DIE REZEPTION VON
 MICHELANGELOS
 WERK

Die Rezeption des Ouevres Michelangelos ist von einer Polarisierung der Standpunkte gekennzeichnet. Kunstauffassungen, die sich auf rationale, durch Regeln bestimmbare Gestaltungsprinzipien zu gründen suchen (Klassizismus, Akademismus), lehnen seine Werke ab, da sie diesem Kanon nicht, oder nur zum Teil, entsprechen. Besonders das durch ihn überlieferte Bild des kreativen Prozesses (Geniebegriff) fällt unter dieses Verdikt.

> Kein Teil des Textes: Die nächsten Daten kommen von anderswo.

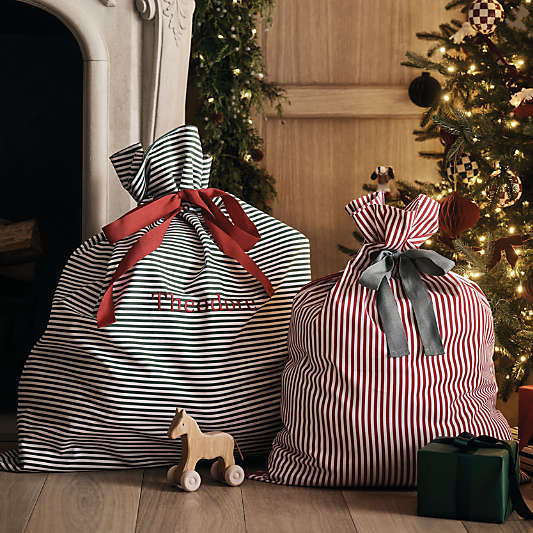 Small Red Striped Organic Cotton Kids Santa Gift Bag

Erst in unserem Jahrhundert setzt eine differenzierte Michelangelo-Rezeption ein. Auf der anderen Seite berufen sich gerade jene Kunsttheorien besonders des 18. und 19. Jahrhunderts auf ihn, die sich gegen Modelle von gesetzmässig festgelegten Kunstprinzipien richten. Gerade die Tatsache, dass er in seiner Arbeit Normen überschritten hat, stellt für diese den Ausgangspunkt der Wertschätzung dar.

In der Rezeption der Werke Michelangelos liegt somit ein Potential kritischer Reflexion über Normvorstellungen von Kunst und Kreativität. Zahlreiche Kunstkritiker bis zum 20. Jahrhundert haben sich dieses Potentials bedient (etwa in der Expressionismus-Rezeption).

Interessant erscheint, dass gerade angesichts der an Normativität und Ordnungskriterien orientierten nationalsozialistischen Kunsttheorie (gegen das "Unfertige", Subjektivistische) dieses Werk Michelangelos dennoch Teil einer Sammlung wurde, die dezidiert auch als Ausdruck des "Kunstwollens" des deutschen Volkes verstanden wurde.

Kunst wird somit als jener symbolische "Überschuss" der Kultur deutlich, mit dem die Kulturpolitik des Nationalsozialismus insgesamt operierte: jenseits theoretischer Entwürfe geht es um ein "Einverleiben" dieses Überschusses. Kulturpolitik richtete: eine Einverleibung.